By default, Clustergrammer performs an unsupervised clustering on both rows and columns, and clusters can be visualised by the small arrowheads at the bottom and right of the heatmap. A single-click on the arrowhead reveals the genes within the cluster, allowing you to query their functions directly in Enrichr. A double-click allows you to zoom into the heatmap within the cluster. To further examine the expression levels at the individual level, you can move your mouse cursor within the heatmap and use the mouse scroll to zoom in or zoom out.

For supervised clustering, you can choose to arrange the rows and columns according to the sample order originally assigned. The sidebar is located at the top left hand side of the website. If you have pre-assigned your clusters by adding additional rows, you may choose to click on the category you have classified.

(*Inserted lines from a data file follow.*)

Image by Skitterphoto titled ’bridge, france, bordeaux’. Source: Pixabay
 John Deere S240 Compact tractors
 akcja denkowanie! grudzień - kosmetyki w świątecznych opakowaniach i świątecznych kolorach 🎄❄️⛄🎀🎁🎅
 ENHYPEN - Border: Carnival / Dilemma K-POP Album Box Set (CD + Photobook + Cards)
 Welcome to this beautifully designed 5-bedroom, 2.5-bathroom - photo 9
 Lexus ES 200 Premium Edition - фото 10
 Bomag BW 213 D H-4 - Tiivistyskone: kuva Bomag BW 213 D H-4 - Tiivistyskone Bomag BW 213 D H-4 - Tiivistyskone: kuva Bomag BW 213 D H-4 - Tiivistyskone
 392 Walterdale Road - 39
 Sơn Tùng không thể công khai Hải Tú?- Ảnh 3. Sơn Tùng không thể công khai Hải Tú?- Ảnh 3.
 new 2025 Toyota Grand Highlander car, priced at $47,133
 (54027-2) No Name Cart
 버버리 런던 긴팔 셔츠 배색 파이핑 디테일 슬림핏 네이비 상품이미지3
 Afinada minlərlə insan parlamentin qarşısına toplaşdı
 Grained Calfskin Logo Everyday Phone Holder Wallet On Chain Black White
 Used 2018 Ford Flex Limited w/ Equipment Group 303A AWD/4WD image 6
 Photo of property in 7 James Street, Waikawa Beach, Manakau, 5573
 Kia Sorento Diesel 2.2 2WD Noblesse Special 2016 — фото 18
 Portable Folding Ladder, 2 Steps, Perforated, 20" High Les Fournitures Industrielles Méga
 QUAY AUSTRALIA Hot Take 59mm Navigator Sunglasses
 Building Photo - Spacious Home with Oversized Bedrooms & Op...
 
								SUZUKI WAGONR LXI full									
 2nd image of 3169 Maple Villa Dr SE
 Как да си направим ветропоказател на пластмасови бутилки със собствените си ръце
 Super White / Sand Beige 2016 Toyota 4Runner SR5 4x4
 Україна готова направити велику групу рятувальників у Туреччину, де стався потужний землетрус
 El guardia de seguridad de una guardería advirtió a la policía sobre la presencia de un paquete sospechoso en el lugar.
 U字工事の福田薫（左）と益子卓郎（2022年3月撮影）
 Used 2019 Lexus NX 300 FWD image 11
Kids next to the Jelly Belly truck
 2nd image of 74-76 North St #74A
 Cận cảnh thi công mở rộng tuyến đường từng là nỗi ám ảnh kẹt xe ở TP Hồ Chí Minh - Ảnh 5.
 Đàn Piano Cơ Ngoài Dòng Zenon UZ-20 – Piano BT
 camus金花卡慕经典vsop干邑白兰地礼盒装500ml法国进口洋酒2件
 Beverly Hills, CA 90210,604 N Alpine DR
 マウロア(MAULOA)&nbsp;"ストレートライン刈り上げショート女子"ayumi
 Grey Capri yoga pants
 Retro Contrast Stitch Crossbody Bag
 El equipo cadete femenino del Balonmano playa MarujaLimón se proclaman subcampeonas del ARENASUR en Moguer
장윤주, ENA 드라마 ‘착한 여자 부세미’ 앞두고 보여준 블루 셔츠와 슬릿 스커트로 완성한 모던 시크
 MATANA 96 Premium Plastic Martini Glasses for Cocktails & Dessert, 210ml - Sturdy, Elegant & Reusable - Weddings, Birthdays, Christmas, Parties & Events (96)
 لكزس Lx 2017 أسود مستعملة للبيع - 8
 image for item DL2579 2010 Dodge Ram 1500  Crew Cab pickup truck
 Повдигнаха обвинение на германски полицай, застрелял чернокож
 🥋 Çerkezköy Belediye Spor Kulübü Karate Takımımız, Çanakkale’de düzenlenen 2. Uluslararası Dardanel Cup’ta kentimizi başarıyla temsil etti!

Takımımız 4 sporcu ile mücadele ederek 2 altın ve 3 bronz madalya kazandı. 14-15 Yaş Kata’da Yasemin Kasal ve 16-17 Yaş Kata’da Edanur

Finally, to determine the relatedness between the different conditions, Clustergrammer also plots the co-expression matrix. The applications of Clustergrammer are not just limited to analysing gene expression studies, but can be extended to proteomics, metabolomics, virus-host interactions and cyTOF analyses. The ease of use, interactive interface and the ability to directly visualise gene expression patterns makes Clustergrammer my top choice in analysing omics datasets.